At the end of EMPT, the Great Detective seems more than confident that the Colonel will no longer be a concern, but Moran doesn’t disappear from the Canon entirely. In “The Illustrious Client,” which according to William Baring-Gould’s chronology takes place in 1902, Holmes comments: “If your man is more dangerous than the late Professor Moriarty, or than the living Colonel Sebastian Moran, then he is indeed worth meeting.” And in “His Last Bow,” which according to the same chronology takes place in 1914: “The old sweet song… How often have I heard it in days gone by! It was a favourite ditty of the late lamented Professor Moriarty. Colonel Sebastian Moran has also been known to warble it.” This means that Moran was most definitely alive as of 1902, and most probably alive as of 1914 (Holmes refers to the Colonel in the present tense, but a life of international espionage is a busy one, so it might be worth arguing that Holmes’s information could be outdated). Surviving an incarceration of twenty years or more certainly shows a certain resilience of character, or perhaps just a mulish intractability.

At the end of A Game of Shadows, Moran covertly executes Professor Moriarty’s undercover assassin (discreetly, with a blowgun) and then walks out of the Swiss chateau, into the shadows, and away from Professor Moriarty, who is currently engaged in a cerebral battle out on the balcony with Sherlock Holmes. Dr. Watson runs towards his friend, while the Colonel just simply walks away, his intended direction unknown. It is a curious divergence, but not entirely unexpected. As Holmes himself points out in EMPT:

"There are some trees, Watson, which grow to a certain height, and then suddenly develop some unsightly eccentricity. You will see it often in humans. I have a theory that the individual represents in his development the whole procession of his ancestors, and that such a sudden turn to good or evil stands for some strong influence which came into the line of his pedigree. The person becomes, as it were, the epitome of the history of his own family... Whatever the cause, Colonel Moran began to go wrong."
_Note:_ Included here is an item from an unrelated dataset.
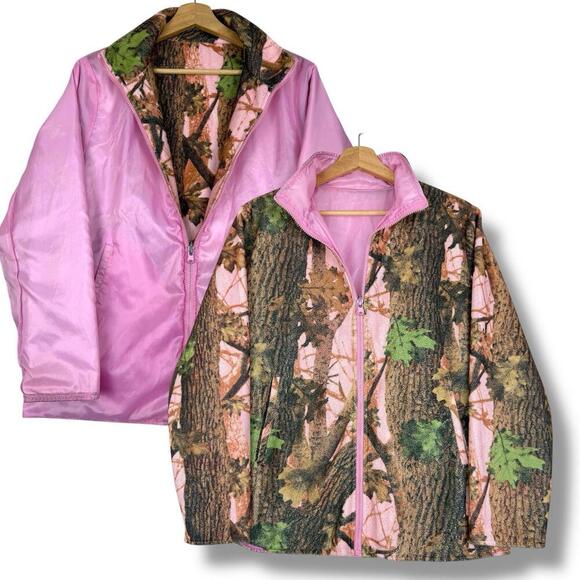 Vintage Aqua Stop Pink Camo Reversible Jacket Women’s Medium Hunting Outdoor Y2K - Picture 1 of 12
The Great Detective refers to Colonel Moran as a shikari, which is a Persian word in two parts: the main “Shikar,” meaning “of hunting” and the suffix “i” denoting possession. And it would seem that Moran too was a character in two parts. He comprises a certain cold reservation that made him equal to sit beside Professor Moriarty, but also a contrary savagery that made him effective in his role. Like so many remarkable characters, it is the dichotomy that makes Moran interesting, makes him memorable. Sherlockians return to Colonel Sebastian Moran not simply because he sits beside Professor Moriarty, but because he stands on his own, and cuts his own path.